After the bridal boutique buyer realizes he or she is missing a certain price point or style your brand can fill, they will begin their online research and will likely seek advice from their peers as well (word of mouth is very important). At this stage they’re evaluating you and your competitors (that’s if they’re able to find you online and your brand stands out enough to be noticed--this is why brand awareness campaigns are important--read my previous blog on brand awareness here), and your goal here is to convert the buyer into a lead.
A lead in bridal is a buyer who wants to receive more information about your brand and is willing to give your their email and other contact information to receive a newsletter, look books, bridal market info, etc. This is where your website plays an integral role because you want the buyer who lands on your website to provide these things to you so that you can market to them.

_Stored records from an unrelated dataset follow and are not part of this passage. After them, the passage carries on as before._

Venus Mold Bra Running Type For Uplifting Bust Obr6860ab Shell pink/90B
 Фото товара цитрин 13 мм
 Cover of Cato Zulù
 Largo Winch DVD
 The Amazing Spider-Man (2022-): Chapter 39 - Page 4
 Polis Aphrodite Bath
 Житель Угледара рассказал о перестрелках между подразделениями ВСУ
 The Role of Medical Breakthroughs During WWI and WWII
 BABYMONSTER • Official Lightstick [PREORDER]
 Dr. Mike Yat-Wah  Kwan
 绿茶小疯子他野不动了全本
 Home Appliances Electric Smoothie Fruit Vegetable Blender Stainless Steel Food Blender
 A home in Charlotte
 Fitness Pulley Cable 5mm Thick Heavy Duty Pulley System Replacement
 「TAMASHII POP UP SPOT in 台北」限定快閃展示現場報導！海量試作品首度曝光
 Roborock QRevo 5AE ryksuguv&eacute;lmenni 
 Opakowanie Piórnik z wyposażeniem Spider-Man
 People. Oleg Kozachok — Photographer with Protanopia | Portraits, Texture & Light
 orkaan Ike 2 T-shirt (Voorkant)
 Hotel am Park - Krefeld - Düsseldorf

Now in order to incentivize your web visitor to give up their contact information, you need a lead magnet. That is, you need to provide them with a useful piece of content that will compel them to opt in to your email list. This could be anything from a useful bridal market checklist, to a wedding industry report, or a VIP invitation to an event. The bottom line: provide them with something of value if you’re going to ask them to provide you with their business information.
Because at this stage your prospective customer is researching, you have to make sure your website has a clear value proposition. Tell them what makes your brand special and different, and provide proof as well--reviews, a blog featuring real brides, and anything else that will help you make your case to a buyer that has myriad bridal brand choices.
In the evaluation stage, then, you need to help your prospective customer access as much information about your brand online as possible.
Find out what type of information is important to your specific target customer in making purchasing decisions and give them easy access to it. They might, for example, need proof that you will deliver quality gowns (customer reviews help here), or that they can count on quick turnaround (this can be part of your value proposition), or that you’re keeping up with trends (an active blog helps here), or that you have an active social media presence.
Take the time to understand what drives your prospective customer and invest in each stage of the decision journey. As we all become more digitally reliant, it also becomes more important to acknowledge that we need to provide buyers the information they need when they need it. Because online is where most of the lead-to-revenue cycle happens, investing in your digital presence is more important than ever.